[Provided material — start]

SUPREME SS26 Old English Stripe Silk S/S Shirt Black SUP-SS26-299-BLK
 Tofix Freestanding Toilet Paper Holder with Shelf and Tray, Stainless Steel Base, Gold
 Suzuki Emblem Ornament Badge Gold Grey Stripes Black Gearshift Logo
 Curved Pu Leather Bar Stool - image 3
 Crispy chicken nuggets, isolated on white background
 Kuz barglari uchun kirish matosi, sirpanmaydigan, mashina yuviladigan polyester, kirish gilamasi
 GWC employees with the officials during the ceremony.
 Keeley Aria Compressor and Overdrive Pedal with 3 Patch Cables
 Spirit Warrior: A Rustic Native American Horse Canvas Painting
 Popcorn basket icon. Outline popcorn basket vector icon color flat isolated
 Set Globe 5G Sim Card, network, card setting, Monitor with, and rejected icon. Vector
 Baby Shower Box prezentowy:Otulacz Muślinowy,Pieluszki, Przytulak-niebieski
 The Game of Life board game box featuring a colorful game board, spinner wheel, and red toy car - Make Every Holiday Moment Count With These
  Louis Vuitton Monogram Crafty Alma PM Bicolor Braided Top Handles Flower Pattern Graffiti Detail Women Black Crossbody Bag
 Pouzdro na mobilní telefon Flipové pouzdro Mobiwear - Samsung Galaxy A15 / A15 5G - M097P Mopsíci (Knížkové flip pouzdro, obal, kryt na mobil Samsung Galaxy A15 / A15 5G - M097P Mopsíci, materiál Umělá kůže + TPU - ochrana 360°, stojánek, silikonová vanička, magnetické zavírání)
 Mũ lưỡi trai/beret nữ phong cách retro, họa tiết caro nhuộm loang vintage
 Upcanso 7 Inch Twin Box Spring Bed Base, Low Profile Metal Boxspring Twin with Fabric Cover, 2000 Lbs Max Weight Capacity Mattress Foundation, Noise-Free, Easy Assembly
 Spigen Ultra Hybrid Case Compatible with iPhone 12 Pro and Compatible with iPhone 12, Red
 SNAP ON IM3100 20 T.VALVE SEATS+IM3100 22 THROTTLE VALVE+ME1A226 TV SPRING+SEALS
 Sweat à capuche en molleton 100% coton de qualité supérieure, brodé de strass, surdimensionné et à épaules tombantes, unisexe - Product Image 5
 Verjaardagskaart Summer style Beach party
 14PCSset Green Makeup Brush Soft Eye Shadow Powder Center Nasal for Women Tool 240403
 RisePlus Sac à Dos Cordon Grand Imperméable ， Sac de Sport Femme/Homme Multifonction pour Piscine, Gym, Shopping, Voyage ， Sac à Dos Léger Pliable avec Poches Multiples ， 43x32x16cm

[Provided material — finish]

What to work on
Please give back, exactly as it stands above, the stretch from the line with "Keeley Aria Compressor" through the line with "The Game of", and no line outside it.

Result
 Keeley Aria Compressor and Overdrive Pedal with 3 Patch Cables
 Spirit Warrior: A Rustic Native American Horse Canvas Painting
 Popcorn basket icon. Outline popcorn basket vector icon color flat isolated
 Set Globe 5G Sim Card, network, card setting, Monitor with, and rejected icon. Vector
 Baby Shower Box prezentowy:Otulacz Muślinowy,Pieluszki, Przytulak-niebieski
 The Game of Life board game box featuring a colorful game board, spinner wheel, and red toy car - Make Every Holiday Moment Count With These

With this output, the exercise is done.